(Dataset excerpts)
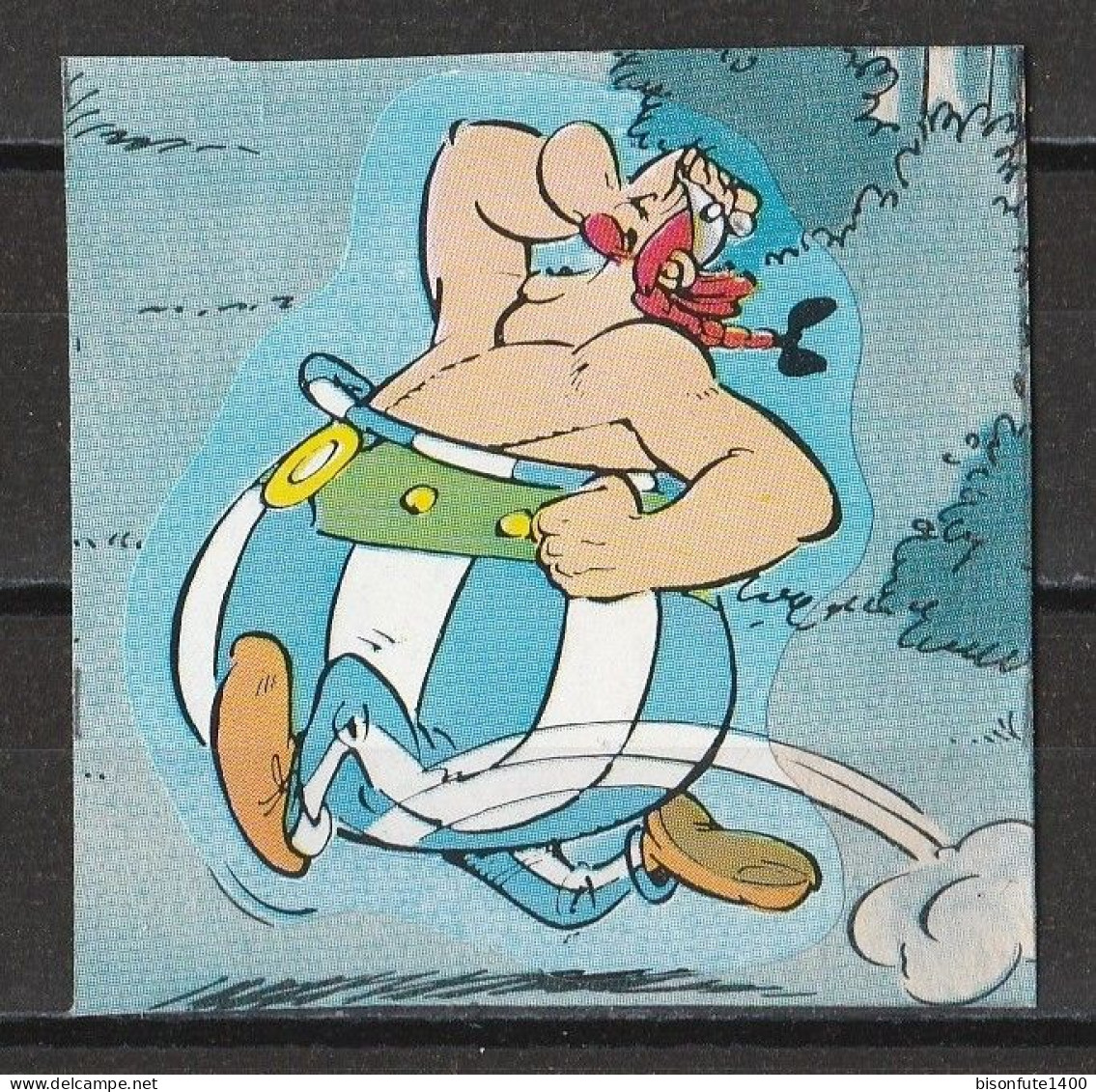 ASTERIX : Occasion : Vignette Autocollante N° 72 De L'album PANINI "Astérix" De 1987. ( Voir Description ) - Französische Ausgabe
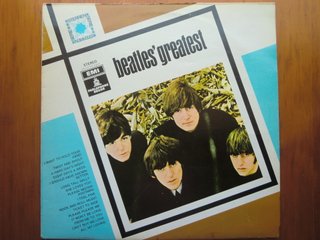 Vinilo LP The Beatles Greatest (1975) Holanda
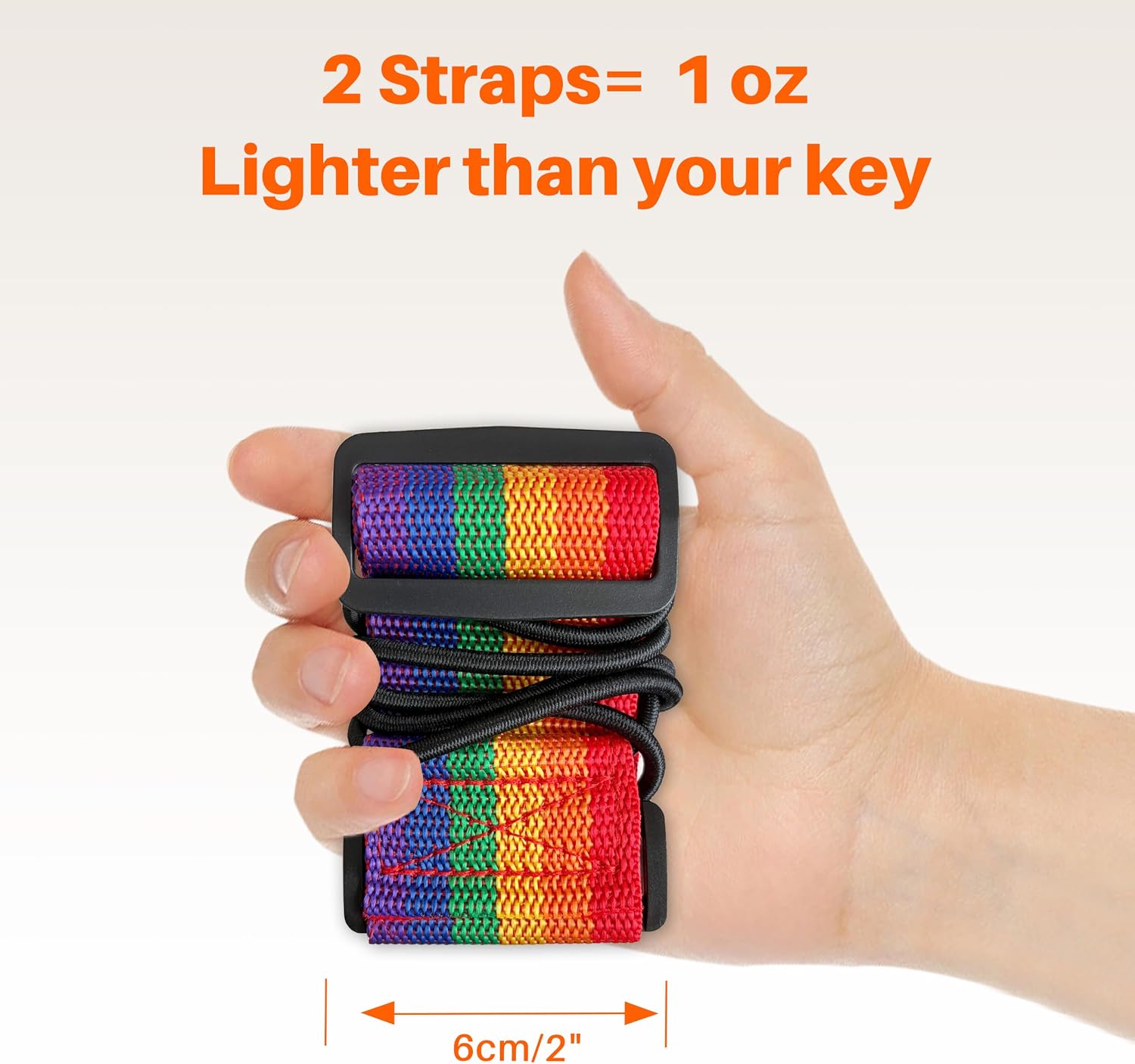 Luggage Straps for Suitcases, Multi-Use Adjustable Luggage Connector Straps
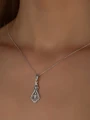 Кулон из серебра 2783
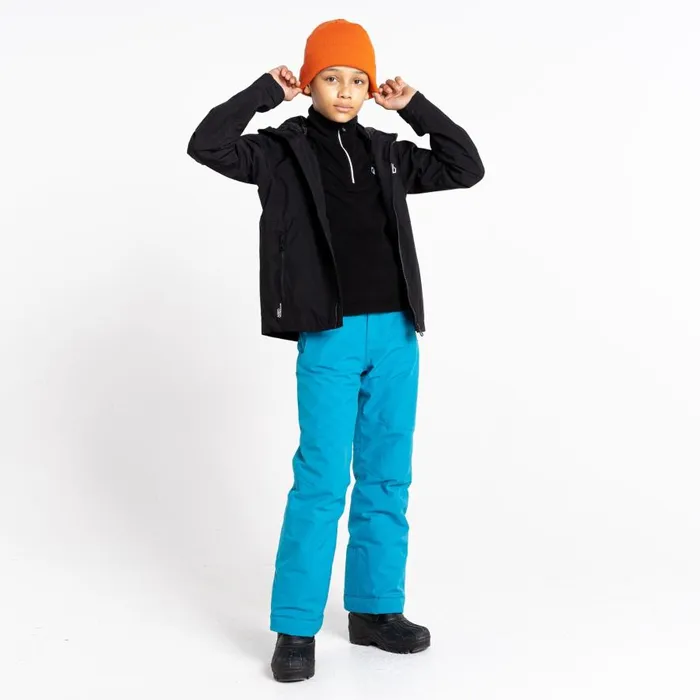 Dare 2b In The Lead III Recycled Waterproof Jacket Black Kids Waterproof Jackets
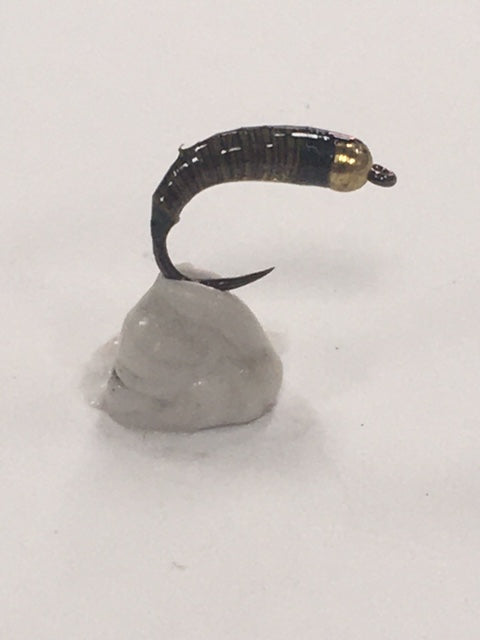 Beadhead Larvae - Olive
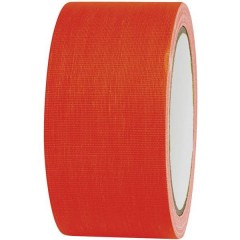Nastro in tessuto Arancione Neon (L x L) 25 m x 50 mm 1 pz.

- Task objective:
Exclude all images and restate the records above word for word.

- Answer to this exercise:
 ASTERIX : Occasion : Vignette Autocollante N° 72 De L'album PANINI "Astérix" De 1987. ( Voir Description ) - Französische Ausgabe
 Vinilo LP The Beatles Greatest (1975) Holanda
 Luggage Straps for Suitcases, Multi-Use Adjustable Luggage Connector Straps
 Кулон из серебра 2783
 Dare 2b In The Lead III Recycled Waterproof Jacket Black Kids Waterproof Jackets
 Beadhead Larvae - Olive
Nastro in tessuto Arancione Neon (L x L) 25 m x 50 mm 1 pz.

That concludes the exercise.